[[ Provided data open ]]

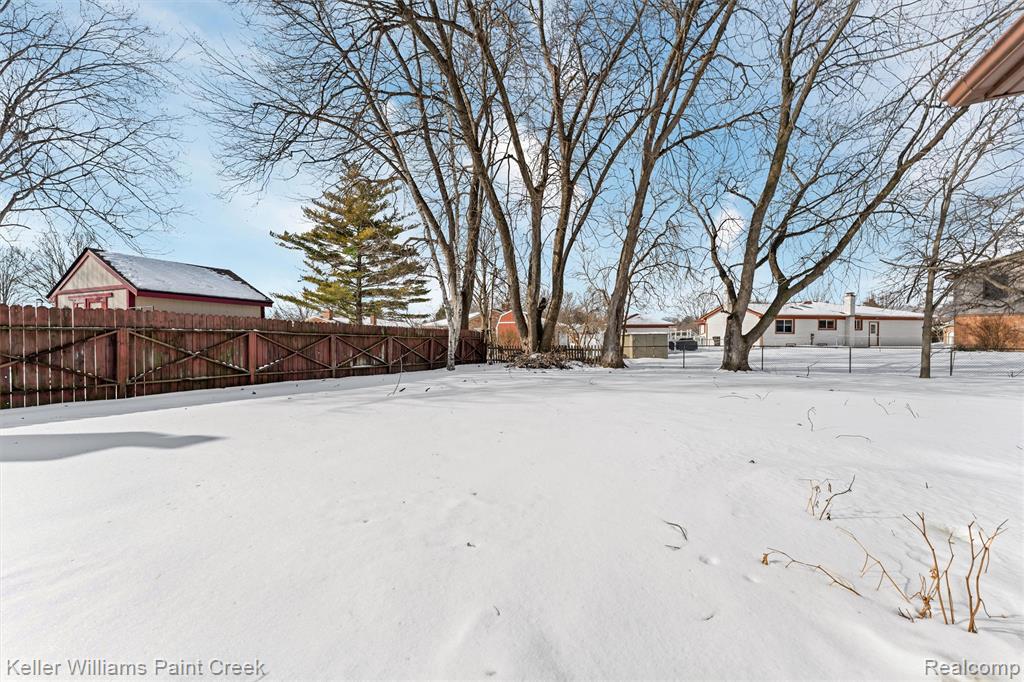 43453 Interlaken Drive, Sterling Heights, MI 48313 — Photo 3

[[ Provided data closed ]]
[[ Provided data open ]]

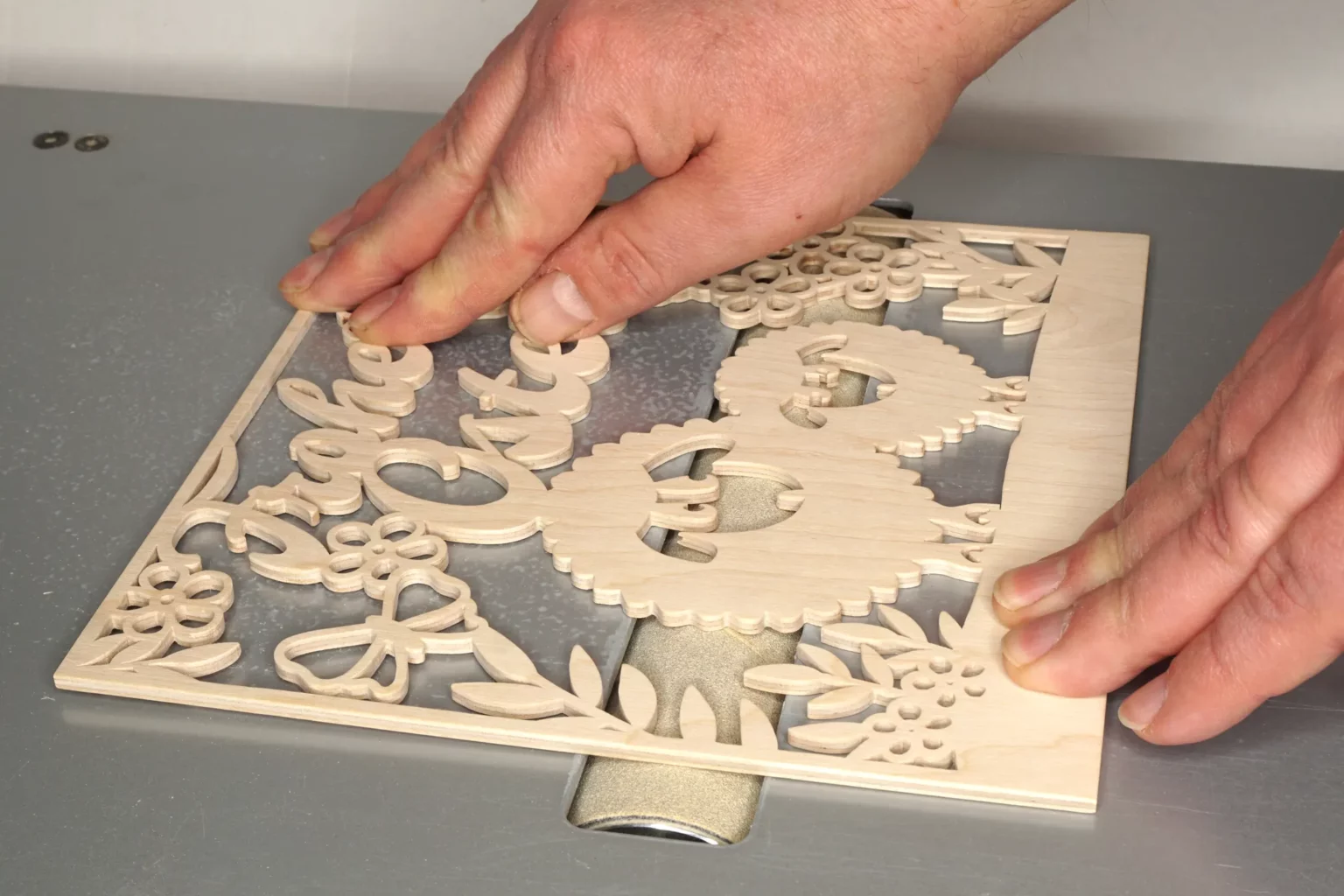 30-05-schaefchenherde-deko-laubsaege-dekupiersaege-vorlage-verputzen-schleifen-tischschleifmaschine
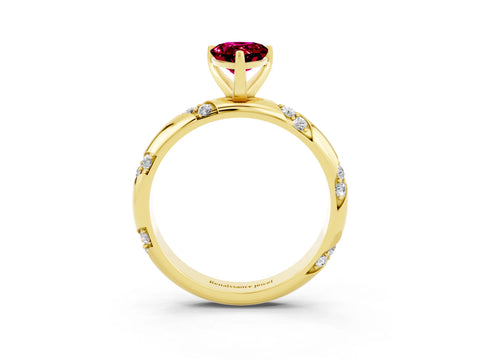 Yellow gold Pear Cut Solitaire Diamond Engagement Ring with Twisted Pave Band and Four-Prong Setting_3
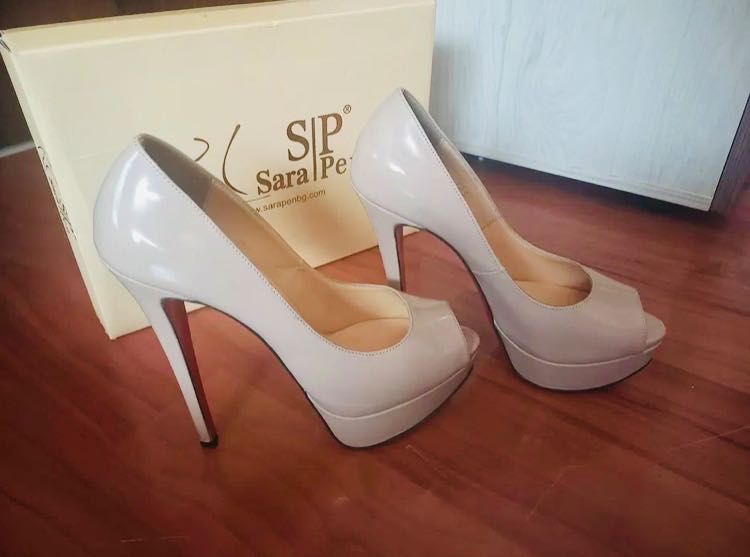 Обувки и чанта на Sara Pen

[[ Provided data closed ]]

- Problem to solve -
Among the entries above, copy exactly the stretch from the line holding "Yellow gold Pear" through the line holding "Обувки и чанта на Sara Pen", leaving out any pictures.

- Result -
 Yellow gold Pear Cut Solitaire Diamond Engagement Ring with Twisted Pave Band and Four-Prong Setting_3
 Обувки и чанта на Sara Pen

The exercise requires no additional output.